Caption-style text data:
[Start of section]

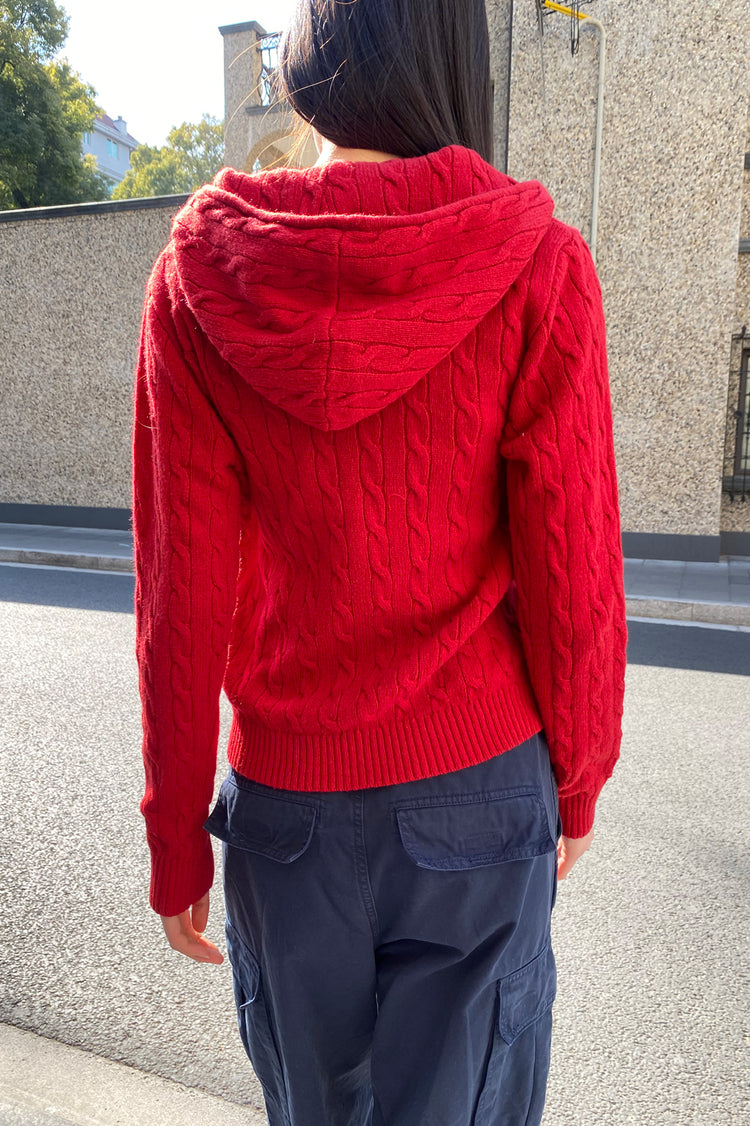 Arna Knit Hoodie | Red / Regular Fit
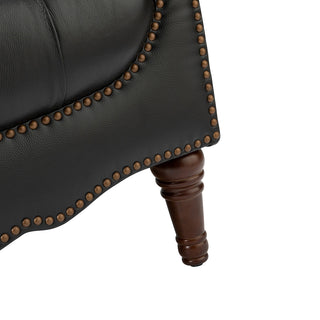 Bertram Genuine Leather Armchair Set of 2, Black
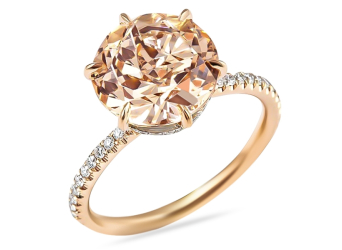 Round Morganite Two-Tone Signature Wrap Ring top
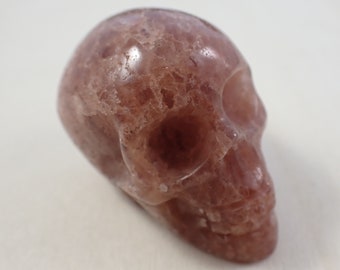 1 Piece Natural Strawberry Quartz Crystal Skull Carving - Dark Pink Small Human Skull - Natural Strawberry Quartz Crystal Skull #SKULL#1021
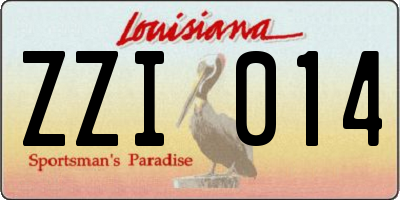 LA license plate ZZI014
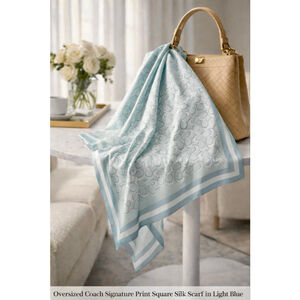 Coach Signature Print Silk Square Scarf – Light Blue – Style C8362 (NWT)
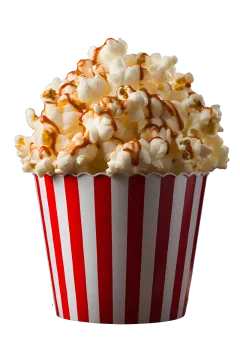 a red and white striped cup filled with popcorn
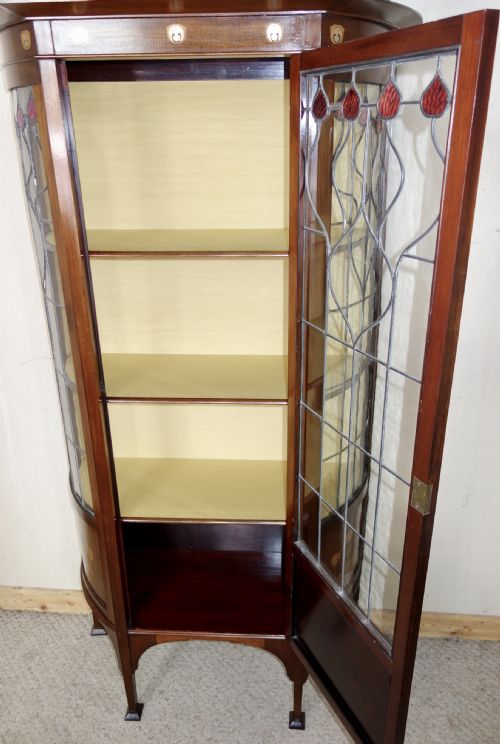 MAHOGANY ART NOUVEAU DISPLAY CABINET - ADDITIONAL PHOTO 8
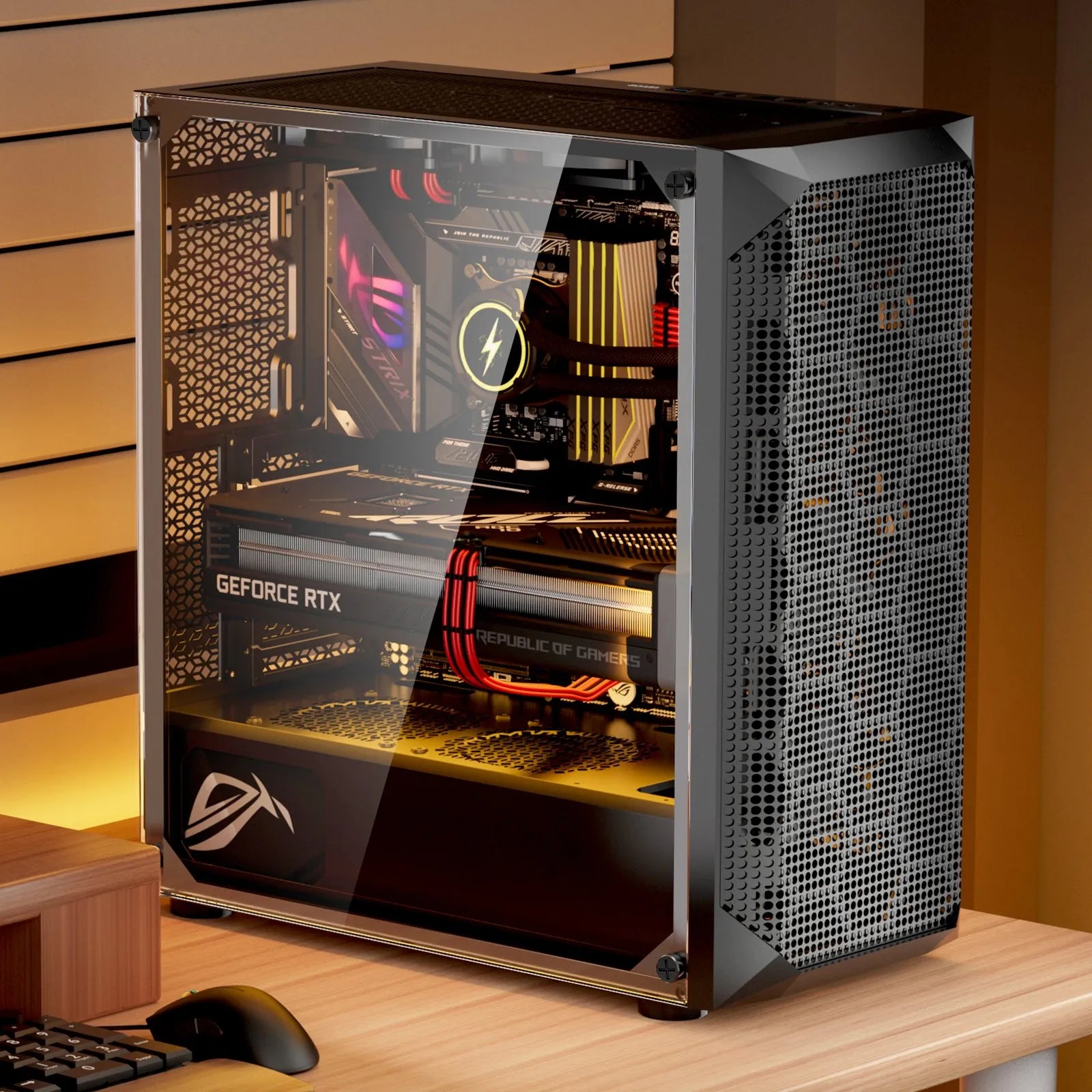 VEVOR PC Case Full-Tower Gaming Computer Case 3 PWM Fans for E-ATX Motherboard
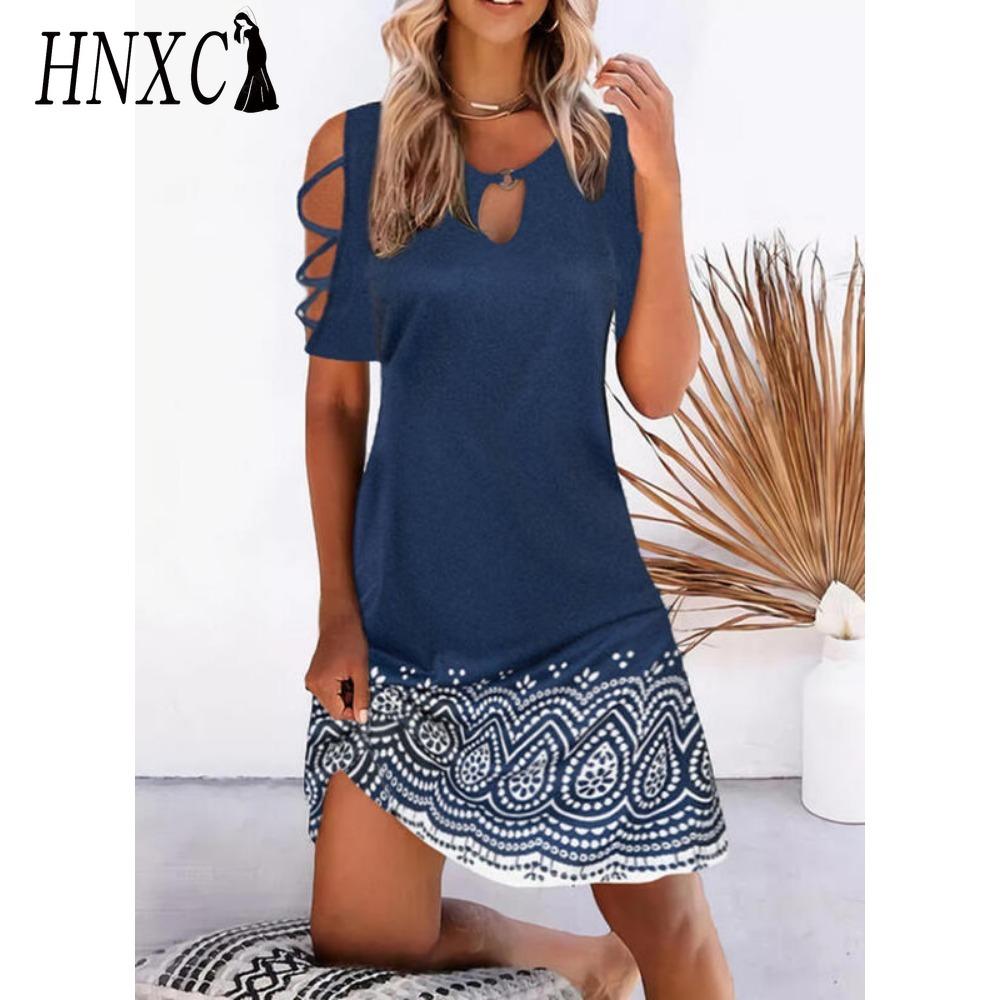 HNXC 13 Color Women Floral Print Dress Summer Sexy Short Sleeve O-Neck Mini Dresses Female Vintage Elegant Dress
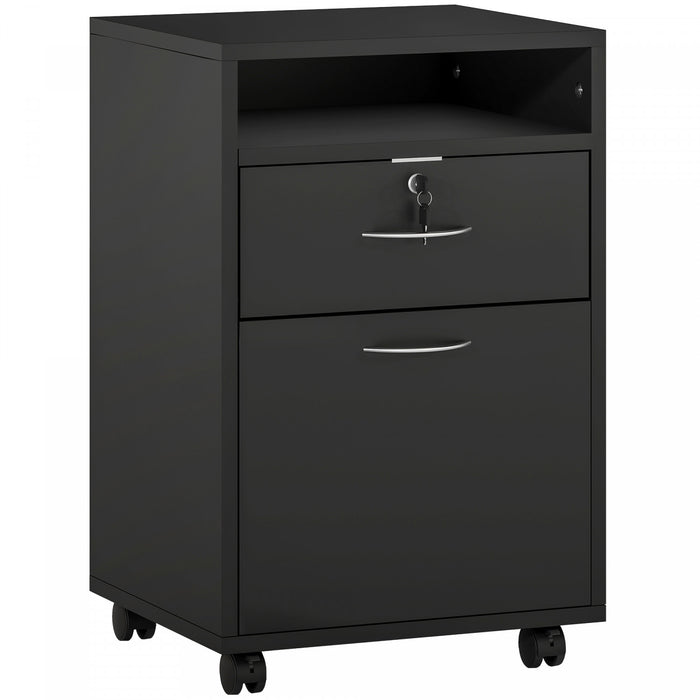 HOMCOM Vertical Filing Cabinet with Drawer Wheels, File Cabinet, Black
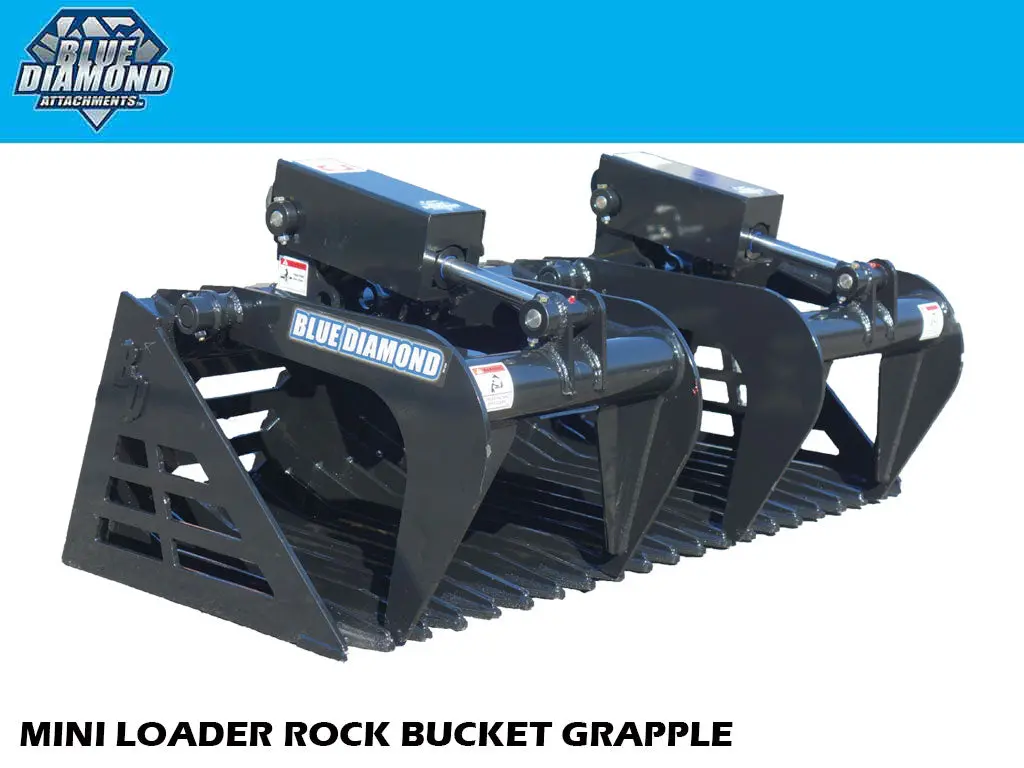 Blue Diamond Rock Bucket For Mini Loaders 1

[End of section]

Required action: Word for word, give back each entry from above, but skip any picture.

Your solution:
 Arna Knit Hoodie | Red / Regular Fit
 Bertram Genuine Leather Armchair Set of 2, Black
 Round Morganite Two-Tone Signature Wrap Ring top
 1 Piece Natural Strawberry Quartz Crystal Skull Carving - Dark Pink Small Human Skull - Natural Strawberry Quartz Crystal Skull #SKULL#1021
 LA license plate ZZI014
 Coach Signature Print Silk Square Scarf – Light Blue – Style C8362 (NWT)
 a red and white striped cup filled with popcorn
 MAHOGANY ART NOUVEAU DISPLAY CABINET - ADDITIONAL PHOTO 8
 VEVOR PC Case Full-Tower Gaming Computer Case 3 PWM Fans for E-ATX Motherboard
 HNXC 13 Color Women Floral Print Dress Summer Sexy Short Sleeve O-Neck Mini Dresses Female Vintage Elegant Dress
 HOMCOM Vertical Filing Cabinet with Drawer Wheels, File Cabinet, Black
 Blue Diamond Rock Bucket For Mini Loaders 1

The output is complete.